Breakfast with Solomon - Proverbs 23:21

"For the heavy drinker and the glutton will come to poverty, and drowsiness will clothe one with rags"

heavy drinker

This is the Hebrew word saba, which means drunkard; one who consistently imbibes high amounts of alcohol.


This is the Hebrew word zalal, which means to be light, worthless, glutton. The idea is that one who only consumes food -- but does not produce anything so that others can eat -- is worthless. Each of us is responsible to produce more than we take in. The glutton, however, consumes far more than he/she produces.


This is the Hebrew word numa, which means drowsiness and slumbering. This is the person who does not fight the urge to sleep their problems away. This is the person who gives in to the impulse to just sleep a little more, to let the comfort of the bed dictate the actions this person takes that day.

In Solomon's day there were really only three addictive substances to hide pain: alcohol, food, and sleep. In each case, if you medicate the emotional or relational pain you are feeling rather than process it and work it through, it will result in poverty -- either poverty financially, emotionally, relationally, or spiritually.

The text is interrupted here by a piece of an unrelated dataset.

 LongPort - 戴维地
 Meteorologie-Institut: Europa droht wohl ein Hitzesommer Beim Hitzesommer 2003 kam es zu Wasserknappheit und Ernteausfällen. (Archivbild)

What is Solomon's point that God is prodding him to make? The shortcut to pain relief does not end where you think it does. Solomon is jabbing at us to say that the quick fix for relational pain causes more pain, not less. You will be clothed with poverty and rags.

We will all be tempted to not face the problems and difficulties in our life. There are many ways to avoid the pain of real life in the modern world beyond alcohol, food, and sleep even though these three remain popular. There are movies, drugs (both illegal and prescription), video games, books, sports, gambling, pornography, and hundreds of others. While these diversions promise a way to get through or to get ahead, they divert you to an impoverished future. Don't do it. Face the problems you have; make the changes that are needed. Have the difficult conversations. Admit you were wrong if you were. Admit that you don't understand why things happened the way they did. Do the positive things that you can do.